Still, Berlin is a good pal, and he knows obsessive behavior when he sees it (after all, he owns some 20 fly rods), and he phoned Pat Pendergast of the Fly Shop, which was midwifing our trip, and explained the dilemma carefully. He had these two good friends, he said, both of them almost normal under most conditions, who were now caught between their conflicting obsessions. They wanted, in his jaundiced view, to do the unthinkable, to interrupt, however briefly, some of the greatest fishing on the continent in order to see a football game.
The trout in the Argentinian Rio Grande can run up to 35 pounds. Pendergast, a man who clearly had his priorities much better ordered—there was trout fishing and then there was everything else in life—listened patiently, as if to the counsellor for two madmen who was loyally carrying out the most undesirable of instructions, and then said he would do what he could to find some place where the game was on. Then he had paused and added his own view of things.
“Richard,” he said, “I think you’re fishing with the wrong kind of people.”
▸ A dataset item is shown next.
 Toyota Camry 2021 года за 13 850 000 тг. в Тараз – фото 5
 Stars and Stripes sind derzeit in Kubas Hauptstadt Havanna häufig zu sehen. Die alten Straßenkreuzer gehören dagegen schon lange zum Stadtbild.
That might or might not be true. But there we were at last, a mere 6,000 miles south of Tampa, hoping that somehow a television set which carried the game could be found. Even then there was, of course, a serious conflict in our schedules: the visitors to the Maria Behety Lodge fish twice a day, from roughly 8:30 to 12:30 in the morning, and then again from about 6:30 to 10 P.M. at night. The game itself was to start at 8:30 Rio Grande time. The trip from the fishing pool to town was about an hour, which meant that we would barely have time to start fishing before we left the river for the game.